Rising to his full height, Drake pointed at the spreading puddle. “
This! This is why we can’t have nice things!

“Sir?”

Drake breathed deeply and tried to calm himself.
Jesus
. In a more normal voice, he said, “Put together a detail to get this spill cleaned up.”

“Aye aye, sir.”

Drake didn’t dismiss her. He said, “C’mon, can’t we go out there and make some new mistakes? Mistakes are inevitable, but it pisses me off when we make the same ones over and over again.”

“Roger that, sir. New mistakes.”

Drake dismissed her with a hand wave. As he turned and started walking up the flight deck, he immediately found himself falling in with Gunny Fick and CSM Handon, both of whom had just rocked up and evidently had the same destination Drake did. These two stony hard men just nodded at him, he nodded back, and they all carried on walking briskly, heads slightly lowered against the wind.

But then Fick looked upward, squinting off toward the horizon, shielding his eyes with a bladed hand. A small gray speck, not even buzzing yet, could just be made out in the distant sky to the northeast.

“Huh,” Fick grunted. “The Redcoats are coming.”

* * *

“I’m pretty sure it’s going to be in one of the small storage rooms in the rear,” Dietz said. “If the manifest can be trusted.” As he walked, he juggled his shotgun, a flashlight, and a clipboard. Evidently, area lighting was supposed to come on as they passed through. But a lot of it didn’t. Maybe bulbs hadn’t been changed. Maybe there were no more bulbs.

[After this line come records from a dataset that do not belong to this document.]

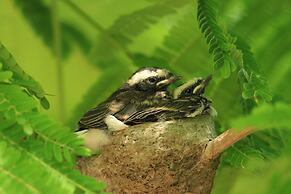 Tatsaraasa Resort and Spa Udaipur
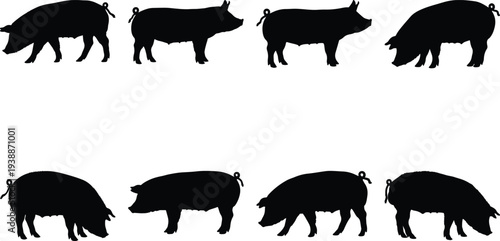 Collection of eight black silhouettes of pigs in various poses, showcasing different angles and actions on a clean white background.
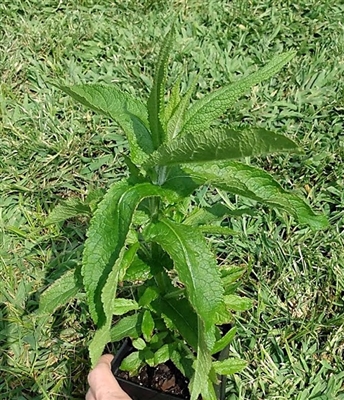 Common Boneset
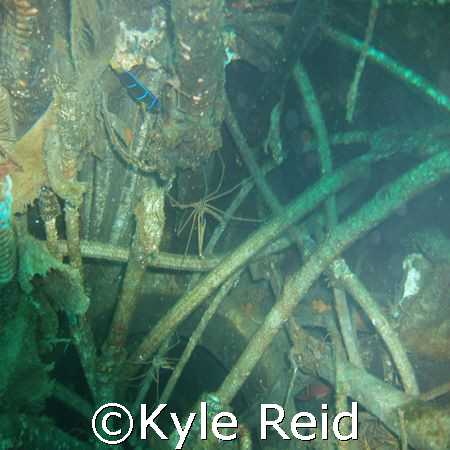 USS Oriskany, looking down in the cables of what use to b... by Kyle Reid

Stores was a great cavernous space – not as big as the 700-foot-long, three-story hangar deck, but much bigger than any other compartment, with a higher-than-usual overhead. It was also extremely jumbled, crowded, and maze-like. Crates, clear-taped pallets, giant duffle bags too big for any one person to carry, and great hulking ruins of machinery sat in piles ranging from waist-height to ceiling height, forming rows and aisles that snaked off into the dimness. Some of the bigger aisles were straight and continuous, for use by the forklift trucks and carts. Others were narrow, crooked, or led to dead-ends.